Oxytocin causes a person to bond with the object of orgasm, usually whatever or whoever they are fantasising about. This is scary if the masturbation accompanies pornography. It could lead to compulsive porn use and affect real life lovemaking. In today’s world of high tech and big porn, there is retail industry that plays on the hunger for sexual satiation by providing mass market stimulation of sexual images, videos and erotic literature[7]. Quick masturbatory self-gratification is available at the click of a button or the swipe of a credit card, available accessible and anonymous.

And of course, if we fantasise about a real person, then we fall foul of Jesus’ famous warning in Matt 5:28: “anyone who looks at a woman lustfully has already committed adultery with her in his heart.”

So like many good things in sex, masturbation comes with a user warning. Be careful how and when you practice it and always look for other relational ways of intimacy.
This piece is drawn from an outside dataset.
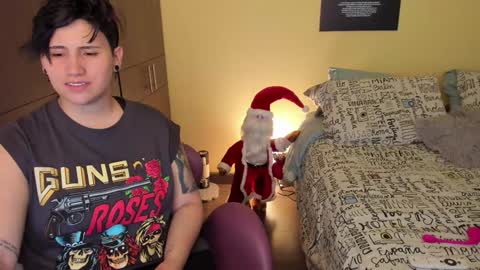 Snapshot of musicayluna chatting on December 2024 03:17:02 AM VALENTINA Luna online show from December 2024 03:17:02 AM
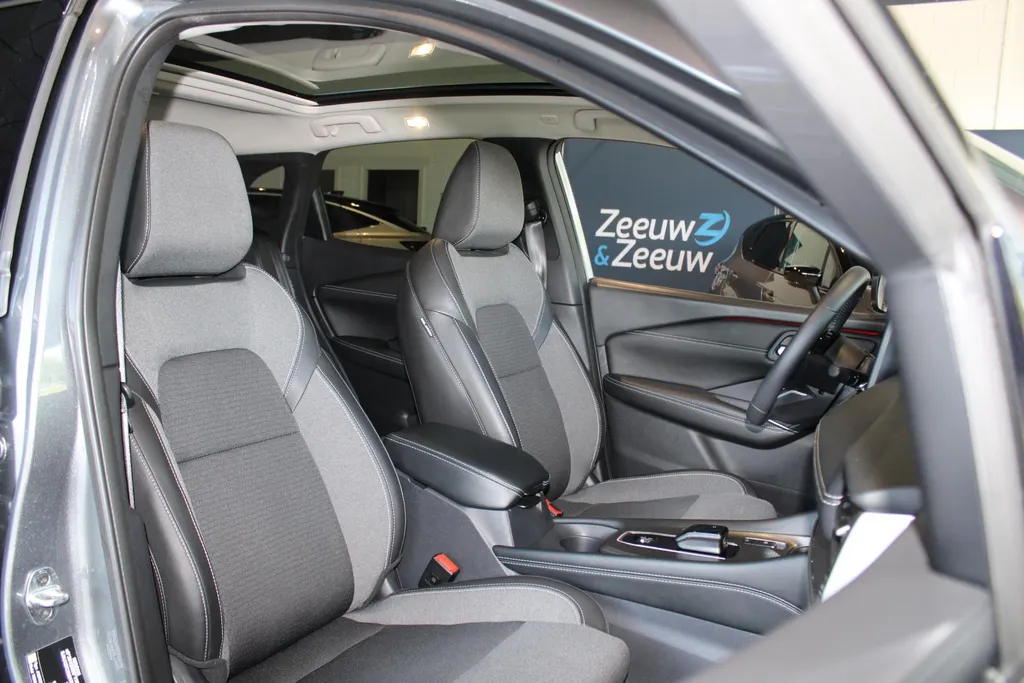 Nissan QASHQAI 1.5 e-Power Business Premium | 190pk | Naviagatie | 360grd camera | Apple carplay & Android auto | pdc voor en achter | 18inch LM wielen | Dodehoek sensoren |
[1] Steve Garlick (2012), Masculinity, Pornography, and the History of Masturbation, SEXUALITY & CULTURE Volume 16, Number 3 306-32

[2] Violeta Menéndez, Antonio Fernández-Suárez, José Placer, María García-Linares, Sandra Tarragon and Elisenda Liso (2012) Dhat syndrome, an emergent condition within urology in Spain, WORLD JOURNAL OF UROLOGY, downloaded on 29th September 2012 from http://www.springerlink.com.ezproxy2.library.usyd.edu.au/content/uk6654457m7t6774/fulltext.pdf

[3] Genesis 38:8-10

[4] http://www.ranker.com/list/top-10-most-brutal-anti-masturbation-devices/robert-wabash?page=1

[5] John N. Marquis (1970) Orgasmic reconditioning: Changing sexual object choice through controlling masturbation fantasies, Journal of Behavior Therapy and Experimental Psychiatry, 1, 4, 263–271

[6] K. D. Nairne, D. R. Hemsley (1983) The use of directed masturbation training in the treatment of primary anorgasmia, 22, 4, 283–294.